# My caveman experience: squatting with gypsies



## Matt Derrick

http://expertvagabond.com/squatting-with-gypsies/

BY MATTHEW KARSTEN IN ADVENTURE, CULTURE, SPAIN | 14 COMMENTS





My Luxury Cave Accommodations

*GRANADA, SPAIN*
There’s a remarkable community of gypsy travelers who squat inside abandoned caves in Spain. This is my unusual story of spending the night with them.

_Dinner was surprisingly delicious. You’d never know it came from a dumpster._

Earlier that night, my Romanian hosts Sorina & Alex disappeared for about an hour to go “recycling”. I didn’t think much of it at the time. Had I known they were out collecting free food, I would have joined them.

Sacromonte is a fascinating neighborhood on the outskirts of Granada.

For over 500 years, families have been living in the caves carved into hills around here. Primarily the Roma (Gitano, Gypsy) people, but also farmers.

However these days another group has also moved in, a community of more modern gypsies (hippies) from all over the world.





Typical Sacromonte Gypsy Cave

*The Sacromonte Gypsies*
They hail from Eastern Europe, Africa, the Middle East, and even North America. Travelers, hippies, nomads, and immigrants who have made their homes in these previously abandoned caves.

It’s estimated that 30-40 of them live here full-time, while many more stay for a month or two, just passing through on their travels.

Sorina & Alex are part of the latter group. Originally from Romania, they were road-tripping through Europe in a van when their driver (who possessed the special truck license needed) left the group, stranding them in Granada for a few months.

I met them while walking around the community. They invited me inside to check out their temporary cave home.





Sorina From Romania





Cooking Dinner in the Cave Kitchen

*Living In A Cave*
The cave has three main parts, or rooms, with two mattresses per section, for a total of six beds. It includes a very basic kitchen area with a gas burner, and even electricity for lights, a blender, and hot-water heater for tea & coffee.

The entrance has a metal door with open bars at the top. A thick blanket covers these bars at night to help keep the cold out. They have a small fireplace inside too, complete with chimney. But the cave is surprisingly warm on its own.

While there is no toilet in this cave, they share a porta-potty with the neighbors. A few open-air community bathroom areas exist too. One in particular has quite a view!





Luis from the Canary Islands





A Glimpse at Life in a Cave

*Earning An Income*
Because rent is free, it doesn’t take much money to make a living here. Many of the gypsies who live in this community earn income from busking (playing music) on the streets of Granada for tourists. Others use their artistic talents to create and sell home-made jewelry, bags, or other crafts.
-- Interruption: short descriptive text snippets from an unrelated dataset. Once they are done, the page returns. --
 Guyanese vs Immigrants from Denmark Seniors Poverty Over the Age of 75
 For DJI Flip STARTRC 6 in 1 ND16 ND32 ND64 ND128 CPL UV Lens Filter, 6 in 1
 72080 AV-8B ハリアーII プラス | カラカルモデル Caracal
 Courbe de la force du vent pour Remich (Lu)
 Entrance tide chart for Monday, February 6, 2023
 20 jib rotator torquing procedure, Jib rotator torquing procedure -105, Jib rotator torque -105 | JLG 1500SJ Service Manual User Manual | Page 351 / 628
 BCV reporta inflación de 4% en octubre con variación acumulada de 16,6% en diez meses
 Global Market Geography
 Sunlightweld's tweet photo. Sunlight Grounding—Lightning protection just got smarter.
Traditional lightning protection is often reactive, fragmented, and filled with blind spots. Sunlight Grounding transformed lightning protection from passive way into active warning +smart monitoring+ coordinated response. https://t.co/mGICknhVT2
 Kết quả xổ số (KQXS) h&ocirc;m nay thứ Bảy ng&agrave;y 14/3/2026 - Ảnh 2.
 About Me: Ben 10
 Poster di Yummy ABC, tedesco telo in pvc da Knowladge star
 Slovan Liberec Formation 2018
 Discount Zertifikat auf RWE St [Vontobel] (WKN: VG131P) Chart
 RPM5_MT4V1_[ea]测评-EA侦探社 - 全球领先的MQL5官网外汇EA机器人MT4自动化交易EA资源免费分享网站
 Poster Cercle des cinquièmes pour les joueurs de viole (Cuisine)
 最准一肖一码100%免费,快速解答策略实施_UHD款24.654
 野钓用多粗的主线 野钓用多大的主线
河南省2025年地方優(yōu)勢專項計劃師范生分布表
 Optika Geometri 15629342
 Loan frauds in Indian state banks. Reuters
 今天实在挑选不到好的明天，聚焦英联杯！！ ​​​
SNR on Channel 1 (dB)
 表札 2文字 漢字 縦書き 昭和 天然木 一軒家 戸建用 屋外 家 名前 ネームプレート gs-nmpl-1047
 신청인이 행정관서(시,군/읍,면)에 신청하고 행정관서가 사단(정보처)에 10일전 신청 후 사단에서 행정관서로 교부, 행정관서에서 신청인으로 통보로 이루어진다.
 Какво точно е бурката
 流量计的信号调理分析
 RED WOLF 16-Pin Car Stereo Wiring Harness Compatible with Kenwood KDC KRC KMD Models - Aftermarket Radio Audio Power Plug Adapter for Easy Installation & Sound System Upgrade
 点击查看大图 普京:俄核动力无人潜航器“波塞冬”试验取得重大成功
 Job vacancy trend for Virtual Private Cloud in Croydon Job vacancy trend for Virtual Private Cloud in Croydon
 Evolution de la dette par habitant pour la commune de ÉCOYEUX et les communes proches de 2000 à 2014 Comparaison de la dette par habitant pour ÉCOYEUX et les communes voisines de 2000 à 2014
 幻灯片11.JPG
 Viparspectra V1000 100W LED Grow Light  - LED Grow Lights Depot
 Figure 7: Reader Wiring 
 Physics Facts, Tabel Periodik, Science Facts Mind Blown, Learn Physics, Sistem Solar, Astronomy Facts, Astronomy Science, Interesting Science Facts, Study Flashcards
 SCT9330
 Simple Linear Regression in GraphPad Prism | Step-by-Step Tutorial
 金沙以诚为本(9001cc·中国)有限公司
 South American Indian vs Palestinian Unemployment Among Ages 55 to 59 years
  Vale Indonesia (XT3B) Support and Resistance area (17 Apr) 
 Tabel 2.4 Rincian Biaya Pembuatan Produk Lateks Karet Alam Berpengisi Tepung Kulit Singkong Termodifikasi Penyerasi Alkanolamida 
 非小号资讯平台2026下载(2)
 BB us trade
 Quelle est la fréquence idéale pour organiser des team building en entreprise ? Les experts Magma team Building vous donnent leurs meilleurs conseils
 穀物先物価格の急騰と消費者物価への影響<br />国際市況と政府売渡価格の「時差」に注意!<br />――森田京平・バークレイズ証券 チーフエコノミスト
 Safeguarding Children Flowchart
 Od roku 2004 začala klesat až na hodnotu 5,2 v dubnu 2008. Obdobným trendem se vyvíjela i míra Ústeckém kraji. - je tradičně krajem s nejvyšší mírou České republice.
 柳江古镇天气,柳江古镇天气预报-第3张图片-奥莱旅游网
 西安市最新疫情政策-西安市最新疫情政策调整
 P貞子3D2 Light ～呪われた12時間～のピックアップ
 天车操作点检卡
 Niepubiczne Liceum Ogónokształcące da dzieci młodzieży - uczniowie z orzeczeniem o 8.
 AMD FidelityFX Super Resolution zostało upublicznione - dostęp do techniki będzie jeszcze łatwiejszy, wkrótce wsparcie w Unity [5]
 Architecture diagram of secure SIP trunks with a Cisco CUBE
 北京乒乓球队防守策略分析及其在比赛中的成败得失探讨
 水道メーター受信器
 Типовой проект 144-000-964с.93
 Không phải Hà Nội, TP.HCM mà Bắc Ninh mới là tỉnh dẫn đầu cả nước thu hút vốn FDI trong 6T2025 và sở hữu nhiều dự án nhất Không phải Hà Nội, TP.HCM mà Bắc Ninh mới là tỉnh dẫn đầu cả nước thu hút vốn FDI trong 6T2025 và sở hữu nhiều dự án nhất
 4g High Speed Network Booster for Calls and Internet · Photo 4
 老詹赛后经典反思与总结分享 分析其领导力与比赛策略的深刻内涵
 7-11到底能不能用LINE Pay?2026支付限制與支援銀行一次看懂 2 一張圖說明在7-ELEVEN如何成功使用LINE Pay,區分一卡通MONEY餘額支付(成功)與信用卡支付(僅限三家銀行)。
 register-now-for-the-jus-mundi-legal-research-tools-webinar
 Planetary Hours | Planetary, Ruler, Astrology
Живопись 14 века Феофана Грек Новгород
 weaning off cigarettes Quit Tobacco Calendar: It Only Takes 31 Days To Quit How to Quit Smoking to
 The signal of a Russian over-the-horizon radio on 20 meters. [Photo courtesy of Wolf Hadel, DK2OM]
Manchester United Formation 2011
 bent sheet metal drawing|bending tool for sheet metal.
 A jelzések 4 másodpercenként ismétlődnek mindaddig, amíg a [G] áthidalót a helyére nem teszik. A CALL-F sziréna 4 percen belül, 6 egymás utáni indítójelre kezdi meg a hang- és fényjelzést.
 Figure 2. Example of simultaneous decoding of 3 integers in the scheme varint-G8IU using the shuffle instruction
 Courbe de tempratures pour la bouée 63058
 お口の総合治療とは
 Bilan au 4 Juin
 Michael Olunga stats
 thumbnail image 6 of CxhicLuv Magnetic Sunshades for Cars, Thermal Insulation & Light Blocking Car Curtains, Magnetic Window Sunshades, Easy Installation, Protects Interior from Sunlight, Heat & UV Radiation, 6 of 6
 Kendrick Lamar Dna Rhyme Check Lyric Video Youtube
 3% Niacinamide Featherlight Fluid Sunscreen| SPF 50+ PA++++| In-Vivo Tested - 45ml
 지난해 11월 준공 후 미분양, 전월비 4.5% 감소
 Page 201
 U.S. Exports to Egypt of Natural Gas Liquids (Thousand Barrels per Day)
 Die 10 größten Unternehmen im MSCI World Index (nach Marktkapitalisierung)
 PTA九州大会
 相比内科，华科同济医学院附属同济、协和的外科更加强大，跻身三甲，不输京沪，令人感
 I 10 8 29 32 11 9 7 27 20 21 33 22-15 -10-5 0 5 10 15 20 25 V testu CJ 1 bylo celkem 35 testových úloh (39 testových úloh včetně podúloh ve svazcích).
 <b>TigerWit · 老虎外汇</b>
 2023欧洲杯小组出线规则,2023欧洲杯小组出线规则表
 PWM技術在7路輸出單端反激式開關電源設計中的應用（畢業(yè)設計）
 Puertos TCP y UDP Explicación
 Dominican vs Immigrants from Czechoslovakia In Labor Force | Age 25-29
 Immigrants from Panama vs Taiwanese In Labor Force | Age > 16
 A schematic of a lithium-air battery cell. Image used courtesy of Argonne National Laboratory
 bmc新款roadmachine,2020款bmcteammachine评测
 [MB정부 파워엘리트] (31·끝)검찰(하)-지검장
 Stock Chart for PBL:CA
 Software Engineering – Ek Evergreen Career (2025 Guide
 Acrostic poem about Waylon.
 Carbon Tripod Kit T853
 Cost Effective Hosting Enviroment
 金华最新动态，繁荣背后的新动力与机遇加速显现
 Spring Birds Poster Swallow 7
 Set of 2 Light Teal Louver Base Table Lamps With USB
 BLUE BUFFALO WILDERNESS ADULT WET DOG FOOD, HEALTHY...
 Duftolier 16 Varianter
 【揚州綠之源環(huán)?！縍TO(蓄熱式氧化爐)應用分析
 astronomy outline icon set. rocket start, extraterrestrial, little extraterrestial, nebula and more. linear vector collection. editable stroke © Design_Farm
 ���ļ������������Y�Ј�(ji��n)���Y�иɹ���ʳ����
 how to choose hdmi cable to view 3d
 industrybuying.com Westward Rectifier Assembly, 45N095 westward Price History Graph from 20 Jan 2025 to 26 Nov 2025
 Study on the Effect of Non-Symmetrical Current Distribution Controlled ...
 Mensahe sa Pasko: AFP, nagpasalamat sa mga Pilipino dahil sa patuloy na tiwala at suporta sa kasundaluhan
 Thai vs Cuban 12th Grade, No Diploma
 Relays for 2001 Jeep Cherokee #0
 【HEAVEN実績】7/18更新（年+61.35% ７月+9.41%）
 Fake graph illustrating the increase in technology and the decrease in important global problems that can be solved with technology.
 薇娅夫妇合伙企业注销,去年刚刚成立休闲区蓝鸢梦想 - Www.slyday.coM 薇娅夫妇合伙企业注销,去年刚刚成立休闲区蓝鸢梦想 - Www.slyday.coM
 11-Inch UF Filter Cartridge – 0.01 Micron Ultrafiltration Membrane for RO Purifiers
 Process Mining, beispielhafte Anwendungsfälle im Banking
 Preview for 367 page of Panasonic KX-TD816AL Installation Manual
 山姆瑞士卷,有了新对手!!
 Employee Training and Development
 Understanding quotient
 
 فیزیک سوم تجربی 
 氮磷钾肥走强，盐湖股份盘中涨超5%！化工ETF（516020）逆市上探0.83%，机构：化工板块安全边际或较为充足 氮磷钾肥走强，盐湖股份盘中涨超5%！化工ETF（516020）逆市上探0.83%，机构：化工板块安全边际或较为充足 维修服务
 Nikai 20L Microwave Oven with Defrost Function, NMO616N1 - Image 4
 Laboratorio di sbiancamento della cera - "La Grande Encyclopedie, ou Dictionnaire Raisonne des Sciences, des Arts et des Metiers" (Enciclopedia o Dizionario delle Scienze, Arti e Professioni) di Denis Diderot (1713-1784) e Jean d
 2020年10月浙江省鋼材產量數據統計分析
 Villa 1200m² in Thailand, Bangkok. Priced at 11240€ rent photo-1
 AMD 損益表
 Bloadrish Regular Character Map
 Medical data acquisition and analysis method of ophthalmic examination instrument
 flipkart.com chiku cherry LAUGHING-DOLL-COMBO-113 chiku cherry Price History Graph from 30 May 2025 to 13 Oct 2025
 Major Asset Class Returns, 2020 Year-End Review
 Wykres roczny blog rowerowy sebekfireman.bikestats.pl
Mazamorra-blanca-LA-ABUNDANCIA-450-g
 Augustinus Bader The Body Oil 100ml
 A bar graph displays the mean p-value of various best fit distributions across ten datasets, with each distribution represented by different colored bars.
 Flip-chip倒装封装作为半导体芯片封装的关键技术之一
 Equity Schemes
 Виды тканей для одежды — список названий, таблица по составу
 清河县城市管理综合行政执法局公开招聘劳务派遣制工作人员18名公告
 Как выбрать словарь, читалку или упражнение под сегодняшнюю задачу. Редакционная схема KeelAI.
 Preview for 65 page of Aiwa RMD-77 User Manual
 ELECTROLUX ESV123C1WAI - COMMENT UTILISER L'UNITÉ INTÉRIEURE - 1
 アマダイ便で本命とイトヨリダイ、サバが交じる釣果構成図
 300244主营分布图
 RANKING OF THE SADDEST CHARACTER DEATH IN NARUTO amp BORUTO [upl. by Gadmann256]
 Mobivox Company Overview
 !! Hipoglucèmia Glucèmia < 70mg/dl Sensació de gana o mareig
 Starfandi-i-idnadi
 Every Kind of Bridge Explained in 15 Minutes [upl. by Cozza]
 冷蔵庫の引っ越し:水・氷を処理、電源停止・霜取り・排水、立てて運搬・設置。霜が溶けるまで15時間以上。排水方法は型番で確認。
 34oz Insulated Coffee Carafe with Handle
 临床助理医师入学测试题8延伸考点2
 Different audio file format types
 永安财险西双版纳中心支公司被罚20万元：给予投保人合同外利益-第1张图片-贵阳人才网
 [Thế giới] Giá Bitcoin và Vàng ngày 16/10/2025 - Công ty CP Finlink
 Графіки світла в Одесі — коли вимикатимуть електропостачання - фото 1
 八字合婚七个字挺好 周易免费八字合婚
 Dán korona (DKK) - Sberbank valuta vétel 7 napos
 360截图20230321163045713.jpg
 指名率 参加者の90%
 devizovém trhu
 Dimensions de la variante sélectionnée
These types of activities can earn them €10-€20 euros a day.

For instance Sorina makes beautiful necklaces, earrings, and bags out of colorful leather scraps she finds around town. She sells her custom creations to tourists for €5-€10 each.

*Dumpster Diving For Food*
Food is often free too — like the tasty pasta, curry, vegetables, and bread they shared with me that night. If you don’t know anything about dumpster diving, it’s actually not as gross as it sounds.

Supermarkets, bakeries, and produce markets throw out a lot of food every week. Most of it is edible, it just won’t sell. If you know when they throw this stuff out, it’s easy to find. Much of the food is even still wrapped in plastic!





Cave Neighbors From Senegal





Iwan Practicing Flamenco Music

*Spending The Night*
After hanging out all afternoon, they eventually invite me to spend the night with them. The core group consisted of Sorina and her boyfriend Alex from Romania, Iwan and his Spanish girlfriend Maria, and Luis from the Canary Islands.

They’ve been living in the cave for at least 2 months. The night I showed up, four hitchhikers from Germany had just arrived too.

*So there were 10 of us sleeping in the cave that night…*

We spent the evening eating, drinking, smoking, sharing stories and playing music late into the night, with other members of the community popping in to join us from time to time.

I tried my best to understand the different conversations going on in German, Romanian, French, and Spanish. I made a fool of myself by offering a Muslim a glass of wine. I practiced playing the didgeridoo. I watched a Senegalese religious ceremony next door. I shared photos from my adventures, learned about their travels, and told them about life in the United States.





Building A Community Garden

*Giving Back A Little*
The next morning I awoke from my cave bed and strolled outside into the cold air to watch the sun rise over the city of Granada down below. There were a few others up early, sharing coffee and fruit for breakfast while planning to build a community garden.

*I walked over and asked how I could help.*

The leader of the project, Manuel, handed me a shovel and we all began breaking ground. After a few hours toiling in the sun, the garden’s borders were set, a rainwater catch system was in place, and the soil was ready for planting.

The residents of Sacromonte provided me with food and shelter for a night, asking for nothing in return. Helping them build a garden was the least I could do! I was sad leaving for Malaga that afternoon, as I wanted to stay longer.

I certainly won’t be moving into a gypsy community anytime soon, but it was a wonderful experience. And when modern society eventually collapses?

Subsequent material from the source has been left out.